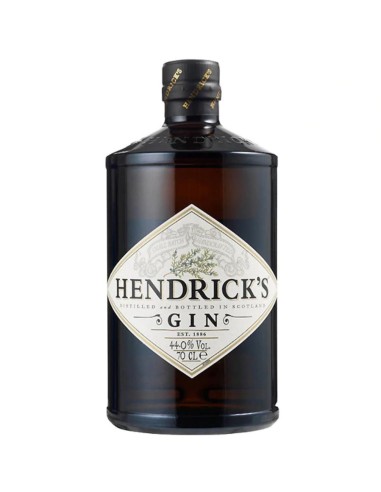 GINEBRA HENDRICK`S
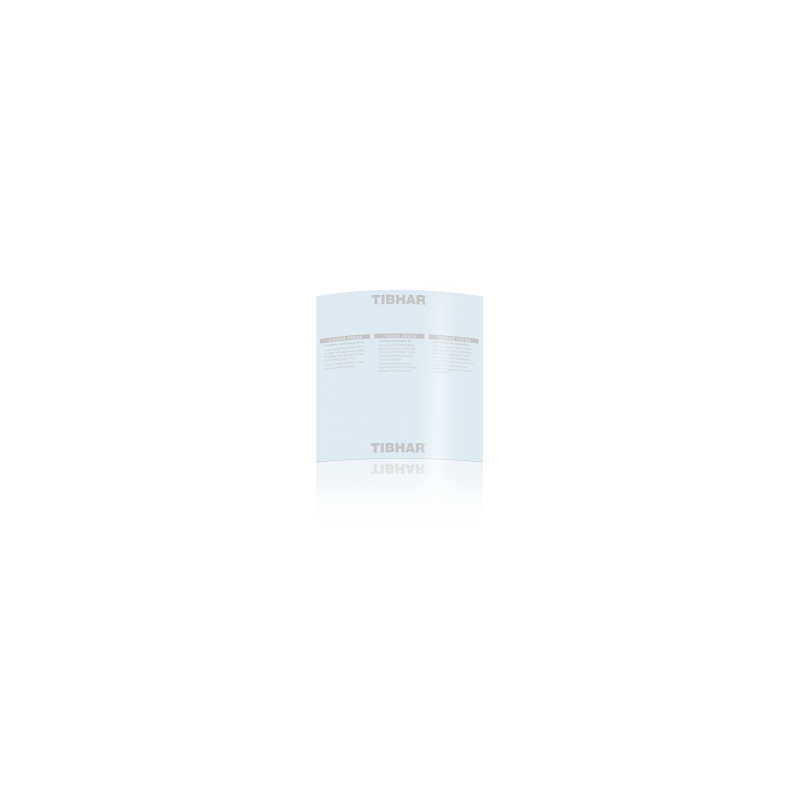TIBHAR Feuille de protection Fresh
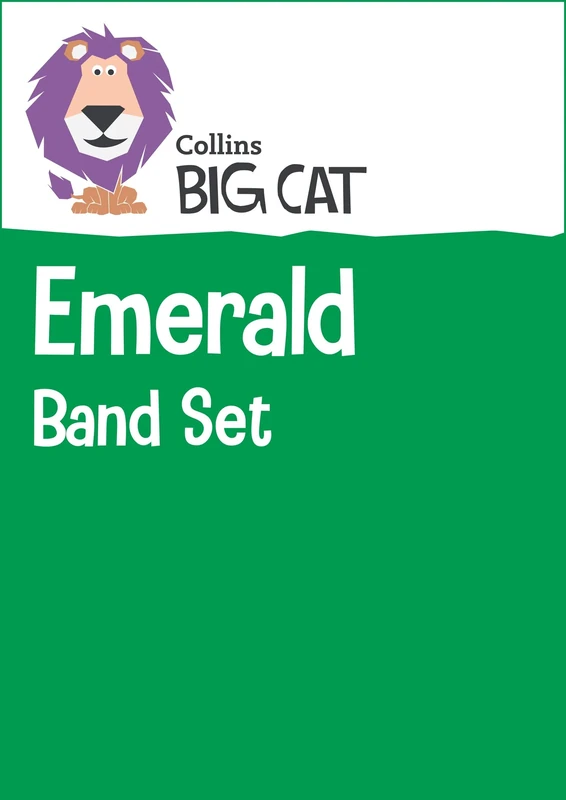 Emerald Band Set (Collins Big Cat Sets)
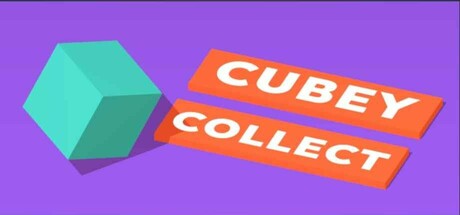 CubeyCollect: Minimalist Puzzle Platformer Adventure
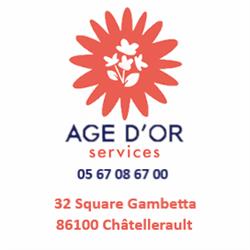 Age d'Or Services, Châtellerault - Horaires d'ouverture
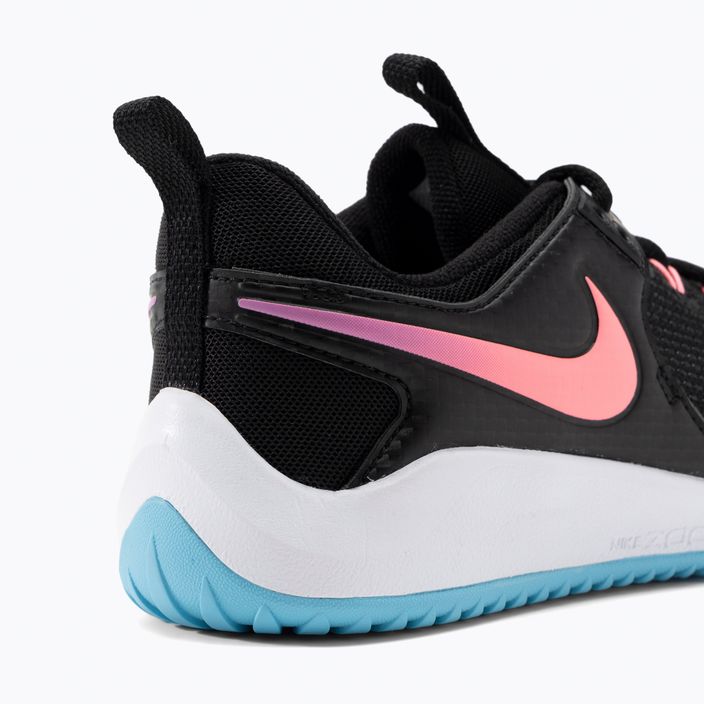 Volejbalové boty Nike Air Zoom Hyperace 2 LE black/pink DM8199-064 8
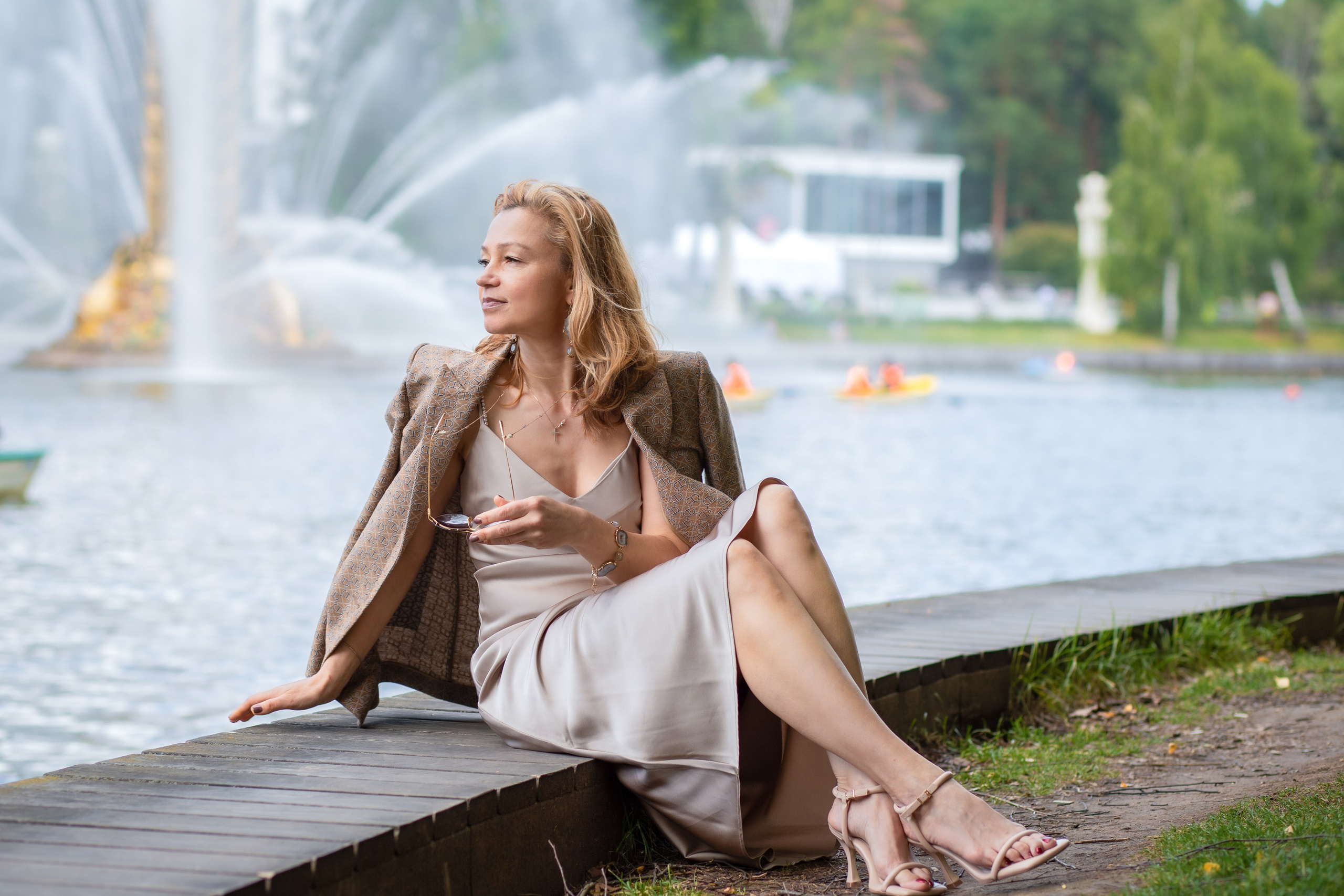 Светлана. Детский и семейный фотограф Мария Киселёва. Москва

· · · · · · ·

- [Problem to solve]: Leave out the pictures and repeat exactly the lines from the one containing "Age d'Or Services, Châtellerault" through the last line of the entries.

- [Your solution]:
 Age d'Or Services, Châtellerault - Horaires d'ouverture
 Volejbalové boty Nike Air Zoom Hyperace 2 LE black/pink DM8199-064 8
 Светлана. Детский и семейный фотограф Мария Киселёва. Москва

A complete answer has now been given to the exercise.